++++ Data section

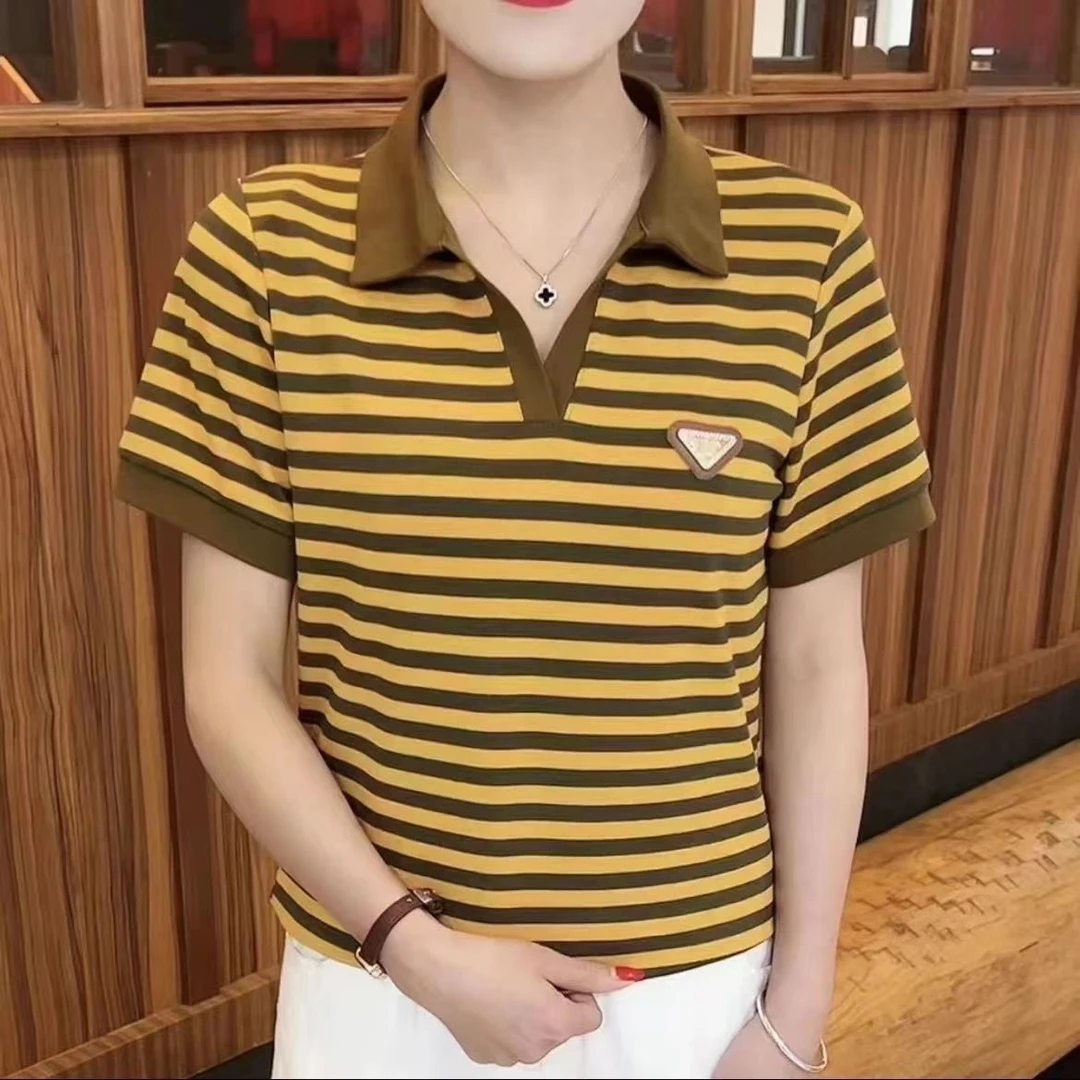 2025夏季新款条纹短袖显瘦百搭中年妈妈女士t恤短袖polo领上衣女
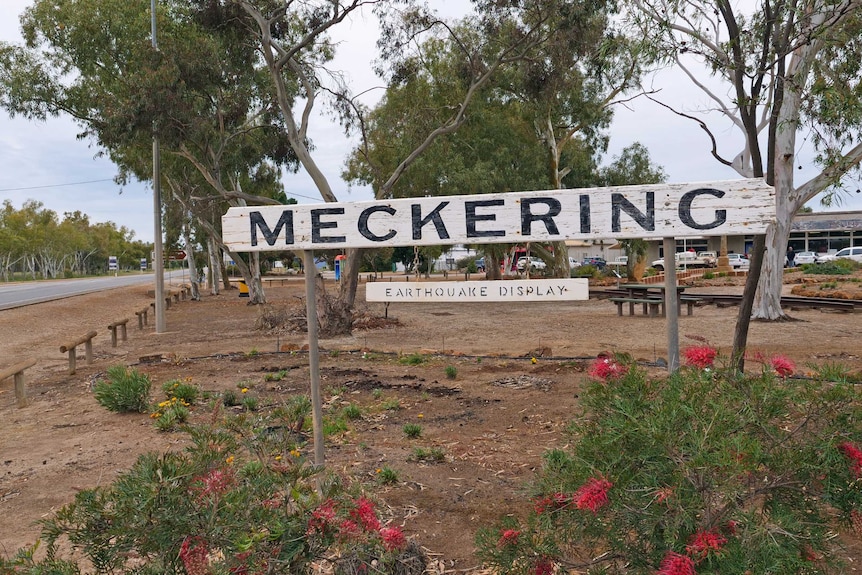 A sign reads Meckering earthquake display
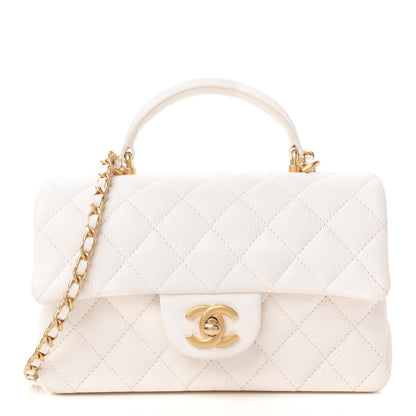 Chanel Caviar Quilted Mini Top Handle Rectangular Flap White 1 of 10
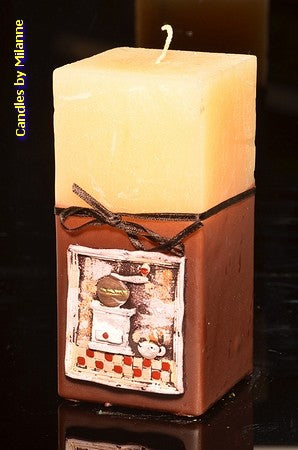 Kaffeemühle, Kerzenquadrat, 7,5x7,5 cm H: 15 cm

++++++++

### What you need to do
The whole listing should be transcribed exactly, though its pictures must be left out.

### Response area
 2025夏季新款条纹短袖显瘦百搭中年妈妈女士t恤短袖polo领上衣女
 A sign reads Meckering earthquake display
 Chanel Caviar Quilted Mini Top Handle Rectangular Flap White 1 of 10
 Kaffeemühle, Kerzenquadrat, 7,5x7,5 cm H: 15 cm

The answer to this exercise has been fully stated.